Butuh Perubahan Sistemis

Beginilah wajah sistem kapitalisme yang saat ini menaungi negara-negara di dunia, termasuk di negeri kita, Indonesia. Kapitalisme telah meniscayakan pajak sebagai sumber utama pemasukan negara. Segala lini kehidupan masyarakat dipajaki. Rakyat ibarat sapi perah. Bukannya dilayani dan dipenuhi segala kebutuhan hidupnya, rakyat justru seolah menjadi 'pelayan' penguasa.

Lantas kemana SDA Indonesia yang luar biasa banyaknya? Lagi-lagi kapitalisme telah merampas kekayaan Indonesia. SDA yang notabene milik umum dan wajib dikelola oleh negara dalam rangka memenuhi semua hajat hidup masyarakat, malah diserahkan kepada asing dan pihak swasta. Rakyat sama sekali tak menikmati hasil dari apa yang sebenarnya menjadi milik mereka.

Kapitalisme dengan segala produknya, termasuk pajak, terbukti tidak mampu membawa pada kesejahteraan umat. Yang terjadi dari tahun ke tahun justru kesengsaraan semakin bertambah. 
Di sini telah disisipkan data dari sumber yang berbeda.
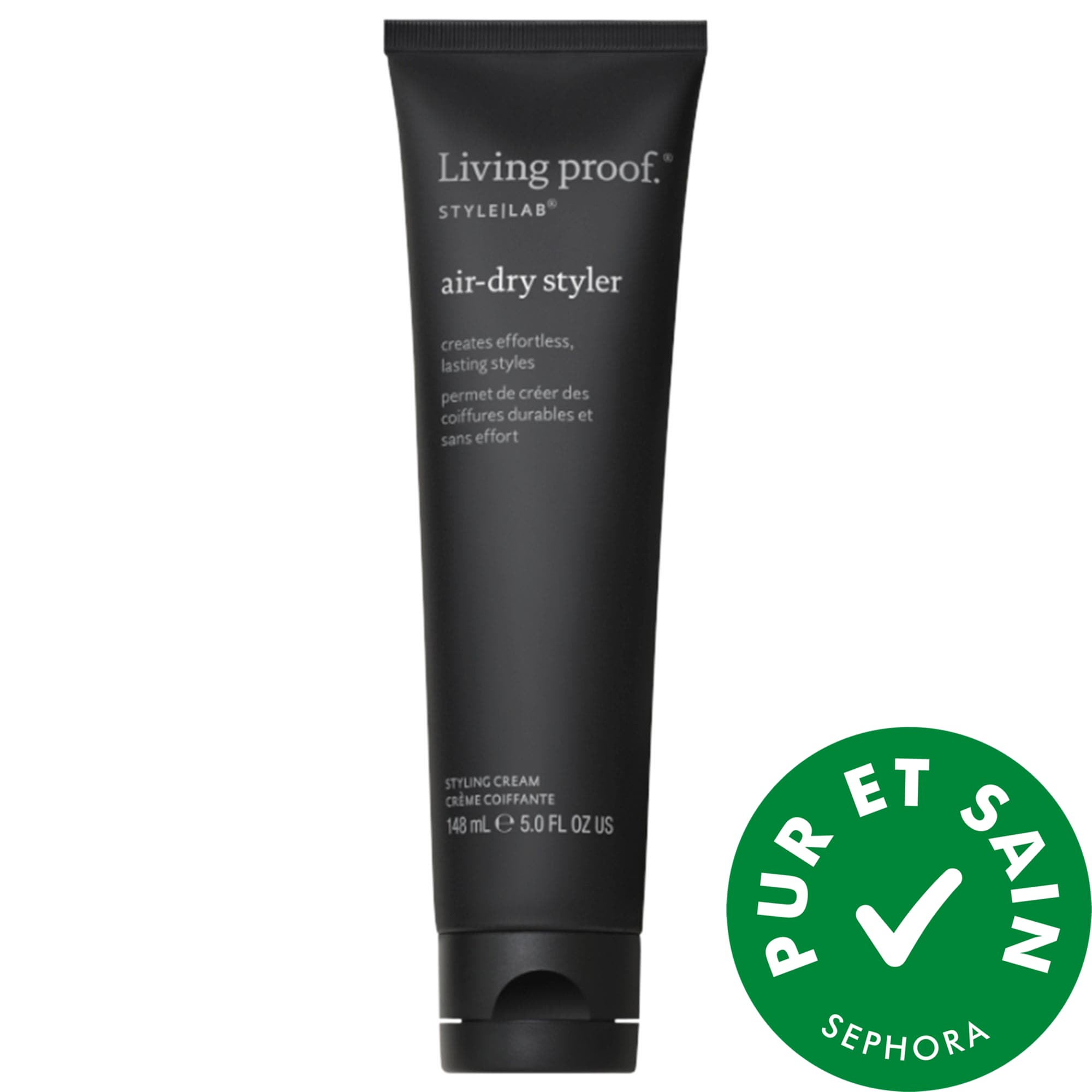Living Proof Crème coiffante StyleLab pour'séchage à l'air 5 oz / 148 mL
Jika umat ingin sejahtera, maka merubah sistem kapitalisme ini adalah satu keniscayaan. Umat selayaknya menengok kembali sistem Islam kaffah yang telah terbukti ratusan tahun mampu membawa pada kesejahteraan. Tidak ada pajak yang mencekik rakyat. Yang ada justru kemudahan-kemudahan syariat yang dirasakan umat.

Masyhur dalam sejarah kegemilangan Islam, bagaimana pada satu masa pemerintahan Khalifah Abdul Aziz tak ada satu pun umat Islam yang mau menerima zakat dikarenakan semua telah hidup sejahtera. Ini terjadi karena syariat Islam kafah diterapkan.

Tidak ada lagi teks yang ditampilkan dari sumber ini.